BEGIN
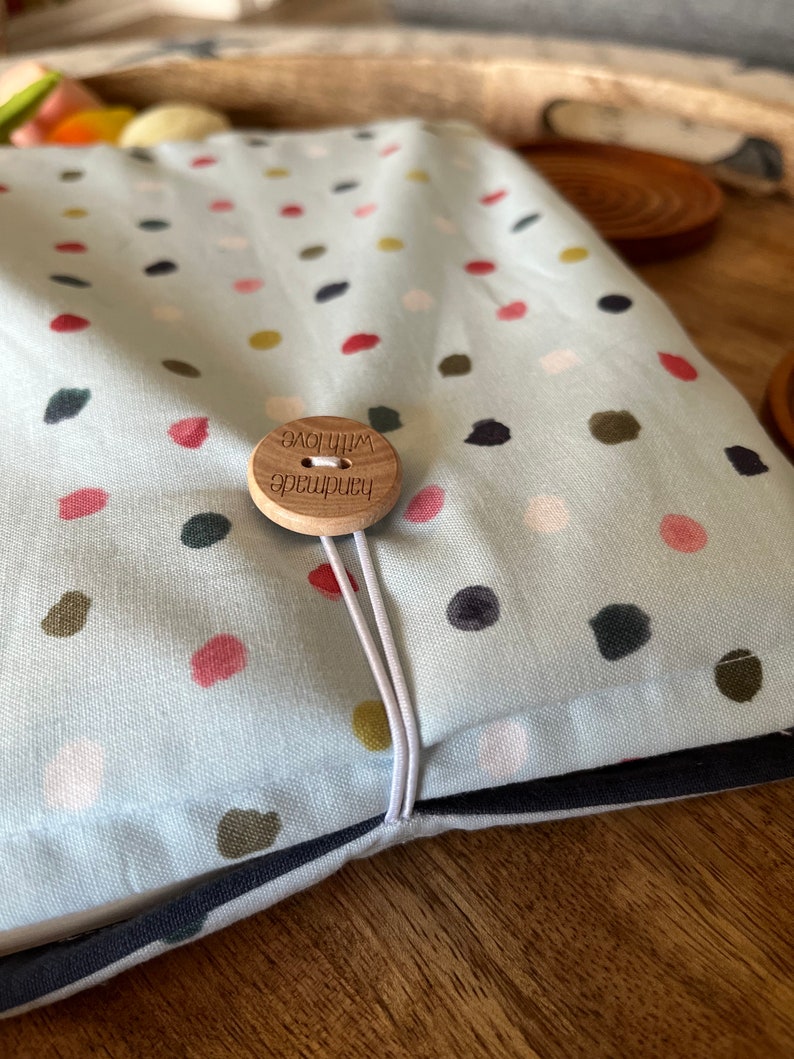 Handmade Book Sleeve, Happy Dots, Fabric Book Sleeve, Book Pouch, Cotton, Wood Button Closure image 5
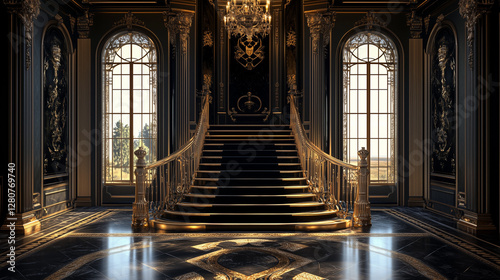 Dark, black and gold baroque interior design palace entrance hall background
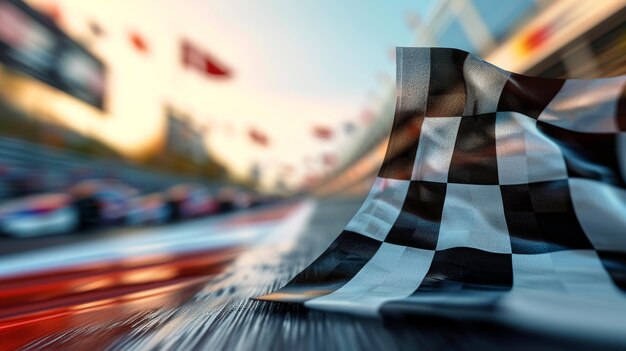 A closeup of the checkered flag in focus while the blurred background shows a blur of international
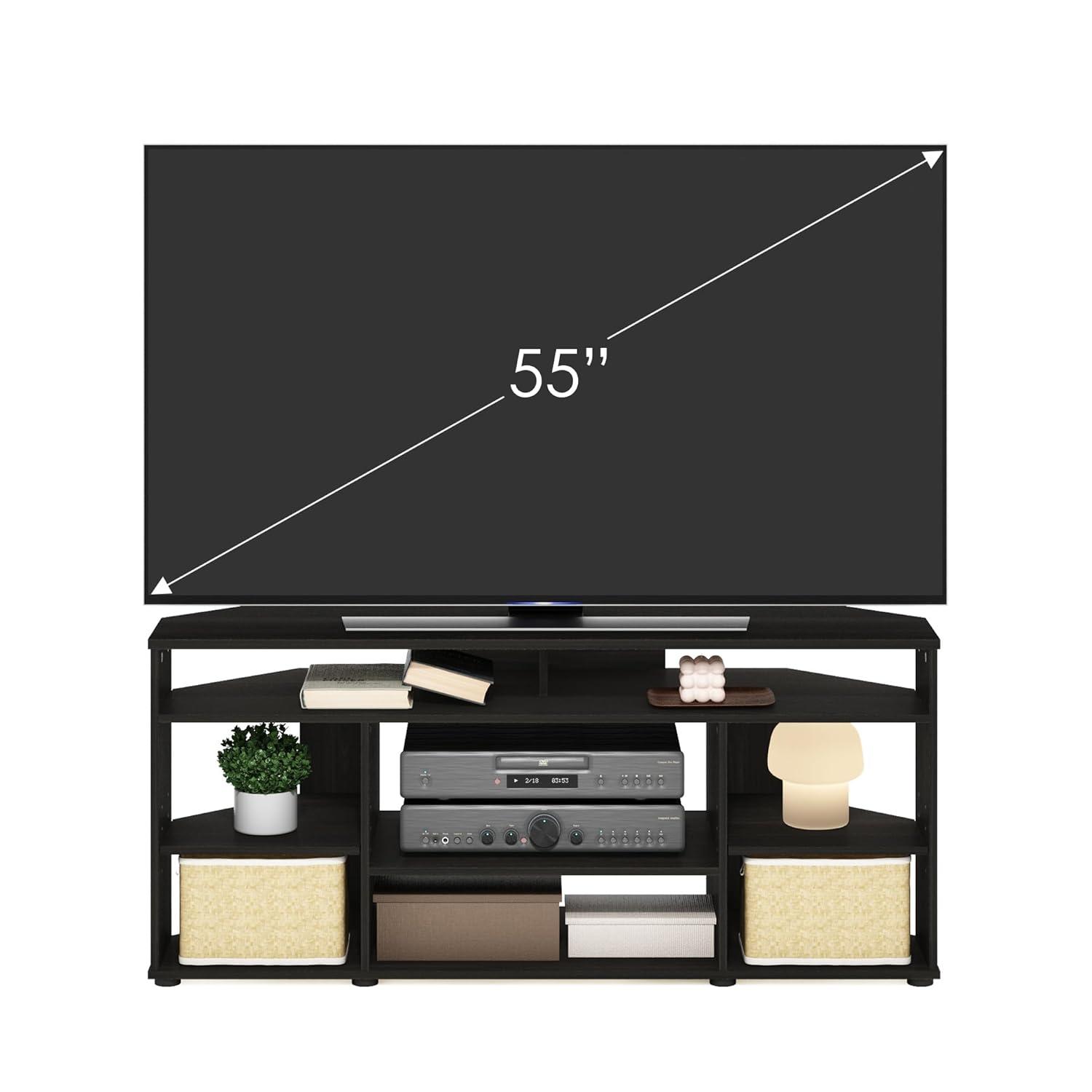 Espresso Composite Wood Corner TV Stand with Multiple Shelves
END
* WHAT IS REQUIRED
Copy out all the data above exactly as written. Skip the pictures.

* FINAL ANSWER
 Handmade Book Sleeve, Happy Dots, Fabric Book Sleeve, Book Pouch, Cotton, Wood Button Closure image 5
 Dark, black and gold baroque interior design palace entrance hall background
 A closeup of the checkered flag in focus while the blurred background shows a blur of international
 Espresso Composite Wood Corner TV Stand with Multiple Shelves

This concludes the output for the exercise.